Formats available: ebook, paperback
Genre: Superhero romance
Series: The Capes, #1
Length: 164 pages
Publisher: Fated Desires Publishing
Date Released: November 3, 2013
Purchasing Info: Author’s Website, Publisher’s Website, Goodreads, Amazon, Barnes & Noble, Kobo
Wendy Warner is a bit of an oddball. Raised in an orphanage, she’s found solace and friendship by watching the television show, Space Adventures, and participating in its fan clubs. Twice a month, Wendy comes to work dressed in a costume from the show that she wears to charity events. She’s been able to ignore the looks of distain from many of her coworkers, but when the president of the company gazes at her with something more, she knows she’s in deep.
Draco Powers rather likes the way the uniform hugs all her curves in the just the right places. He’s also a real-life Guardian who told the world that, yes, some people had superhuman abilities, but, no, they wouldn’t work for free or without health insurance. Some people refer to him with derision as the “Capitalist Guardian.” While Draco doesn’t care what he’s called, he’s also being hunted by a group called the Organization, whose motives are unclear and yet still cause death and destruction wherever they go.
The Organization has decided that Draco’s biggest weakness is the way he cares about his employees and has chosen Wendy as their next target. To save her, Draco will have to come to terms with his real feelings and the reason he’s long resisted complicated relationships…but he’s running out of time.
This is just plain fun. Just way too much fun. And absolutely adorkable.
Now that I’ve read it, I have to say that the worldbuilding makes complete sense. To the point where I can’t get it out of my head. Bruce Wayne inherited a fortune, so he didn’t have to worry about having a day job to support being Batman. Reporters do work alone a lot, or did when the Superman comic was first written, and Lois and Jimmy seem to have covered up for Clark Kent’s absences fairly often.
Tony Stark, well, Iron Man owns his own company, and everyone knows who he is anyway. But if you really are attempting to keep your secret identity secret, and you don your cape and mask every time somebody needs saving, how do you hold down a day job?
Not all superhero backstories come with unlimited funding.
(I don’t know about the rest of you, but if I disappeared every day for a couple of hours, even if it was to save the world, I’d get fired.
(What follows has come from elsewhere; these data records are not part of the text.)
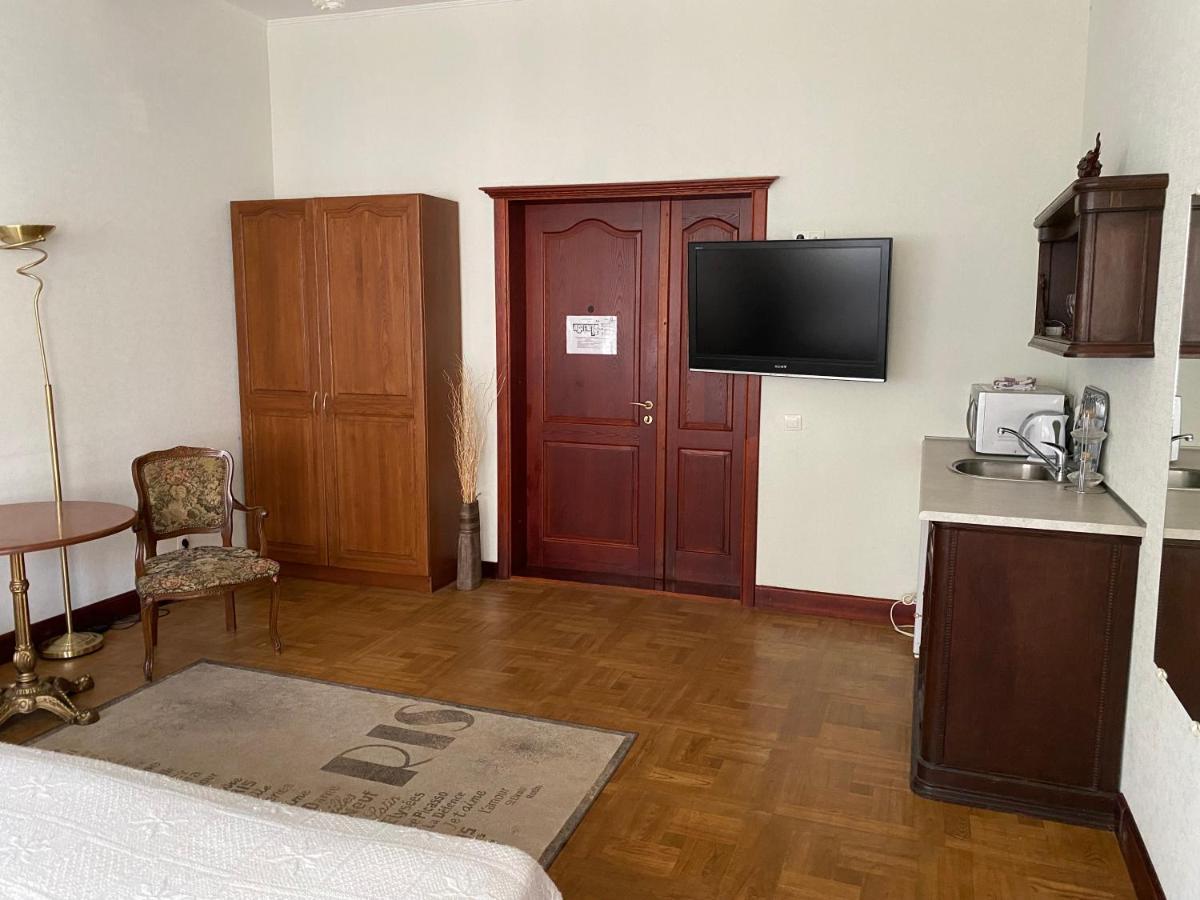 Hotel Kert Free Parking Рига Екстериор снимка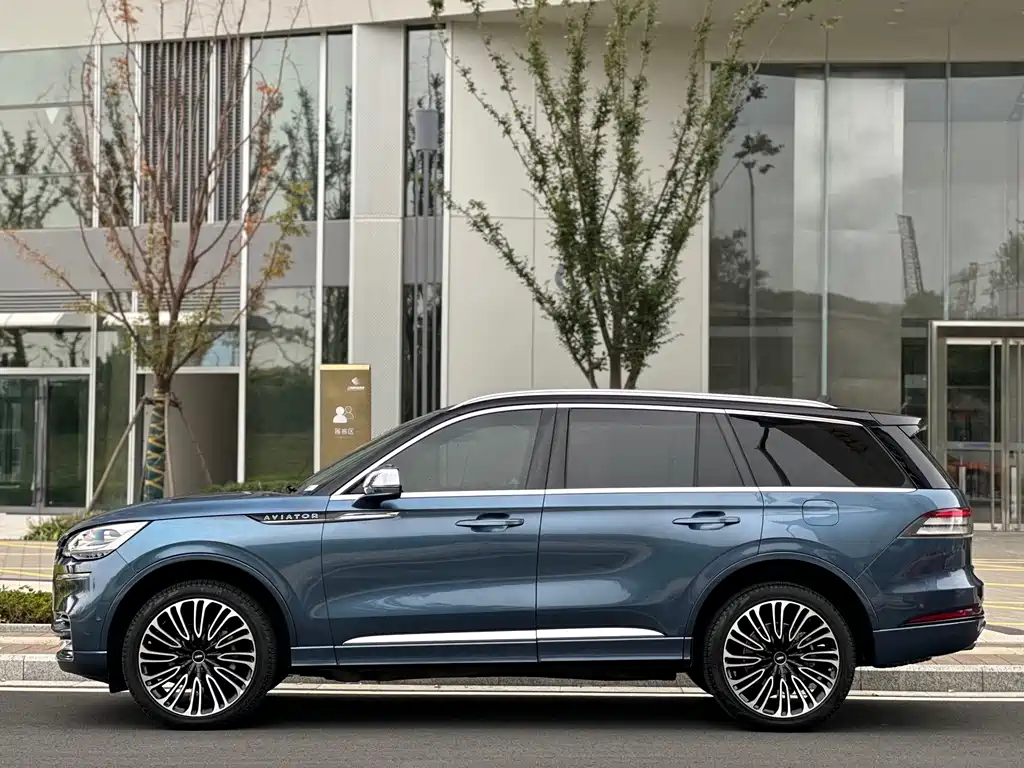 Lincoln Aviator — миниатюра 5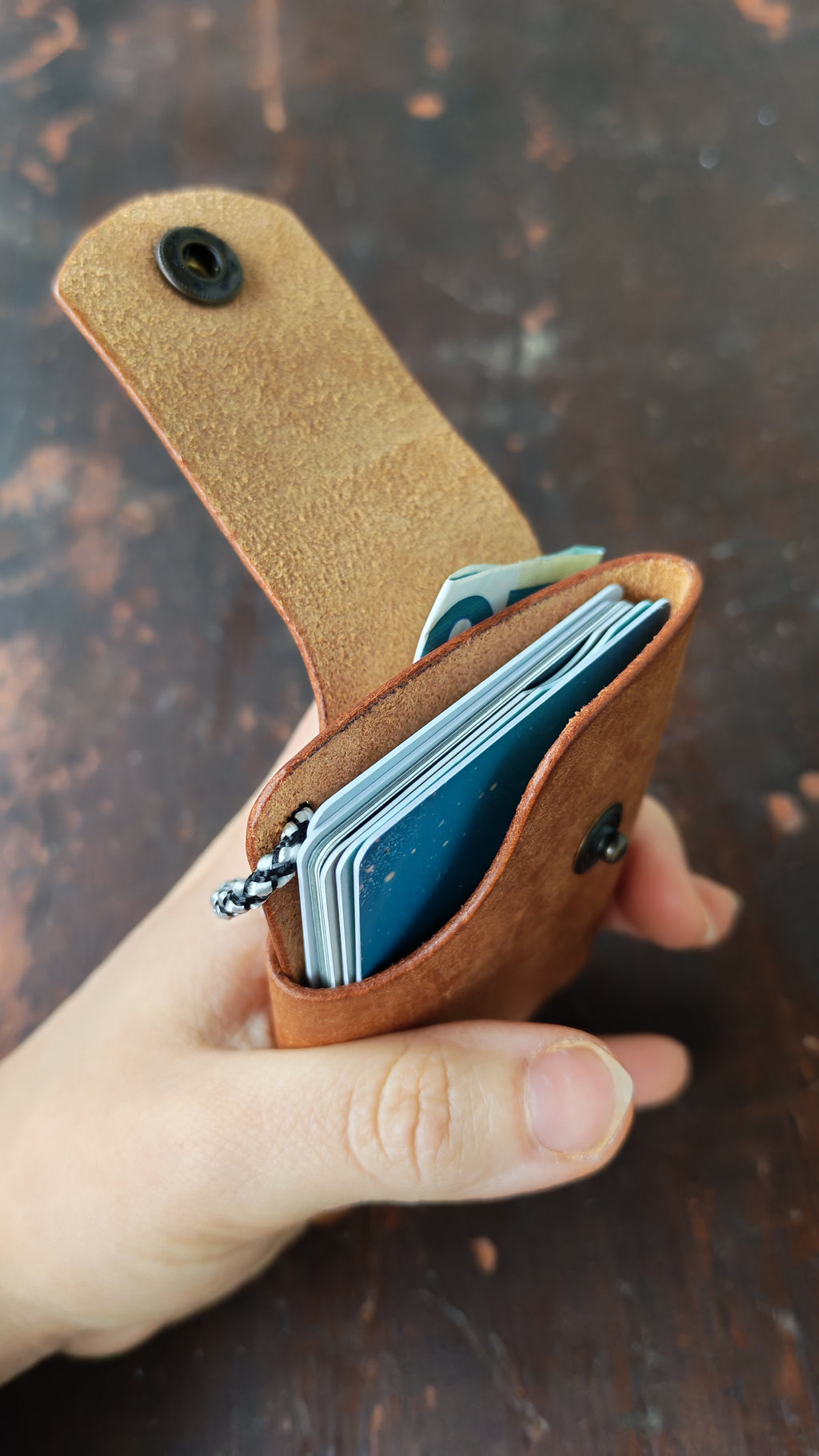 Mintaka – Slim Handcrafted Leather Wallet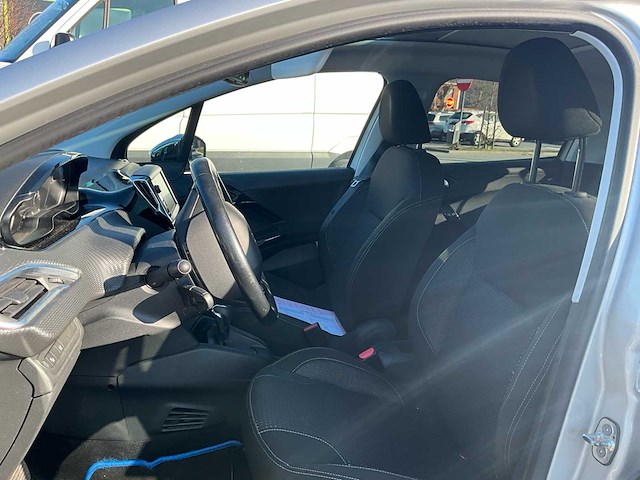 2017 peugeot 208 personenauto - afbeelding 10 van  50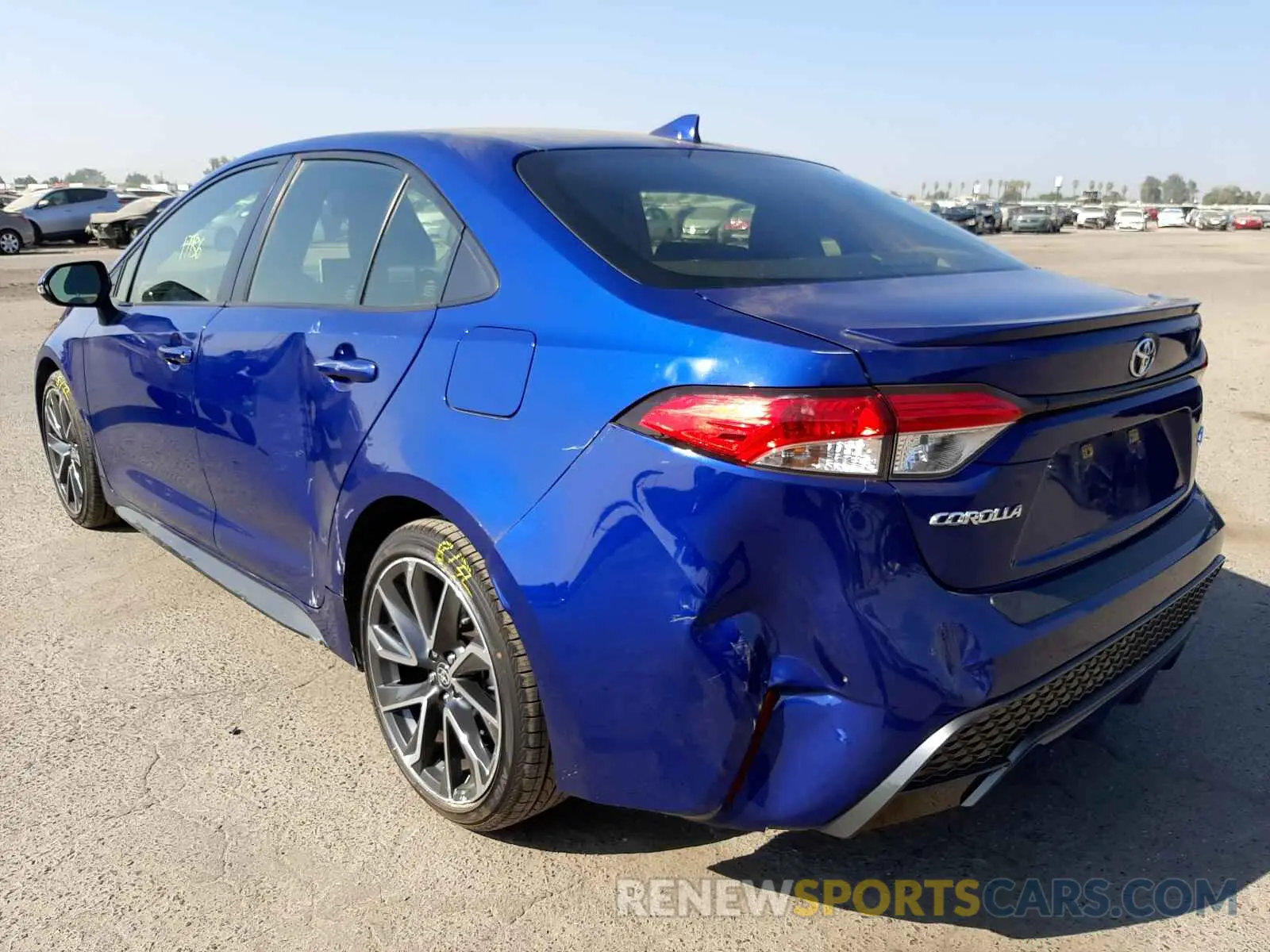 3 fotografías del automóvil dañado JTDS4RCEXLJ017010 TOYOTA COROLLA 2020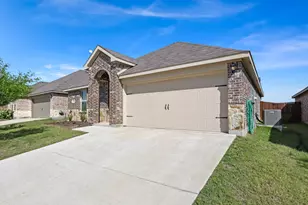 1206 Grand Vw Dr, Ennis, TX 75119 - Photo 2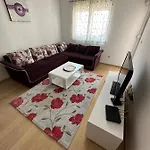 Kvart Thousand Roses * Podgorica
And that would certainly put a crimp in the family budget.)
So the idea that someone with superpowers might want people to pay for their services makes sense. We pay everyone else for their services, so why not? We even pay for services we really hope we’ll never use, like insurance, so why not pay for “super” services?
But some people would resent it. Then again, some people resent everything.
And the idea that “normal” or non-super people would work in the infrastructure of that superhero corporation and that they would need to be paid and have insurance then follows from the rest. I like my worldbuilding to have internal consistency, which this does.
If you were the personal assistant to a superhero, would you be in danger of developing a crush on your boss? Now that’s the stuff that romances are made of.
And Wendy Warner has a crush on her boss, the head of Powers, Inc., Draco Powers. What Wendy doesn’t know is that her boss is interested in her, too. However, Draco is keeping that feeling to himself, because he’s all too aware that letting it be obvious that he has feelings for anyone makes them a target for his enemies.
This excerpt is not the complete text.